Students applying to law school should have a record of high achievement in a broad and challenging program of study. There is no required major for admission to law school. Rather, students planning to attend law school should pursue a serious and demanding course of study that will help them understand society and themselves, and help develop the intellectual abilities, and insights needed to practice law. Pre-law students should incorporate into their undergraduate program courses that enhance their understanding of politics and government, develop their writing skills, provide training in the use of language and reasoning, and increase their understanding of history, economics and the world in which they will live.
To prepare students for law school, Albright offers a pre-law program consisting of a major of the student’s choice, other recommended courses (see below), and a systematic process for advising from the freshman through senior years. Students considering law school should confer with our Pre-Law Advisor, Suzanne Palmer, J.D. LL.M., Assistant Professor of Economics and Business. Professor Palmer is an attorney and an experienced pre-law advisor who can guide students through the process of preparing for a career in law and the law school application process.

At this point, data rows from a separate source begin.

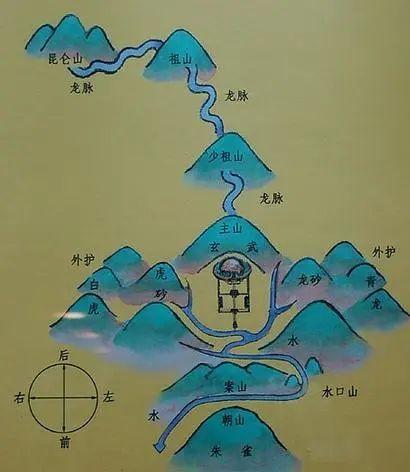 阴宅风水好，子孙后代富贵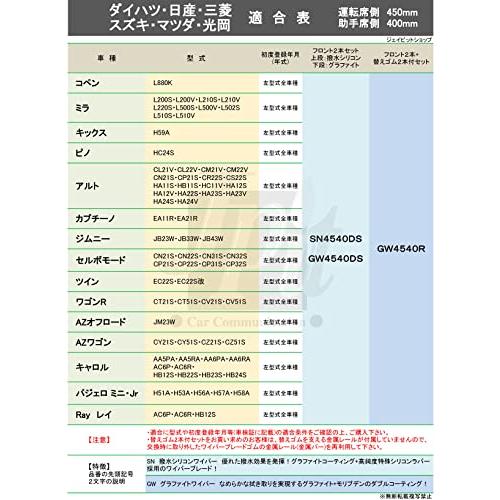 【フロントセット】 ワイパー ワイパーブレード 450mm 400mm 2本 撥水シリコン コペン ミラ キックス ピノ アルト カプチーノ ジ |  | 01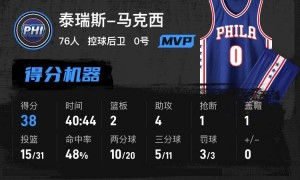 弗拉格24+4+3浓眉24+14 马克西38分76人力克独行侠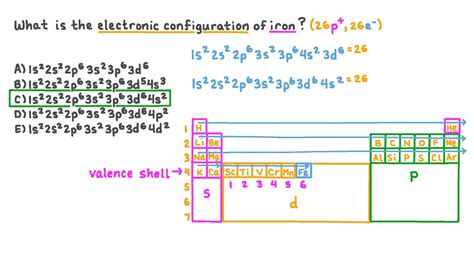 Question Video: Determining the Electronic Configuration of Iron | Nagwa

Several specific courses are recommended for pre-law students, regardless of their majors, with the understanding that most pre-law students will take some, but not all of these courses:
• Constitutional Law (POL 371)
• Civil Liberties (POL 372)
• Critical Thinking (PHI 150)
For students interested in a more intensive academic preparation for law school, Albright offers an interdisciplinary Legal Studies Minor, which incorporates the courses listed above along with other courses designed to explore the role of the legal system in the American society and polity. See the Political Science section for specific requirements.
Those interested in corporate law should also consider:
• Financial Accounting (ACC 101)
• Principles of Economics (ECO 105)
• Business Law I (BUS 250)
Courses that enhance writing skills, analytical, abstract, and/or quantitative skills or that develop understanding of history and values also are especially good preparation for law school and the legal profession, as are courses that increase reading ability and comprehension.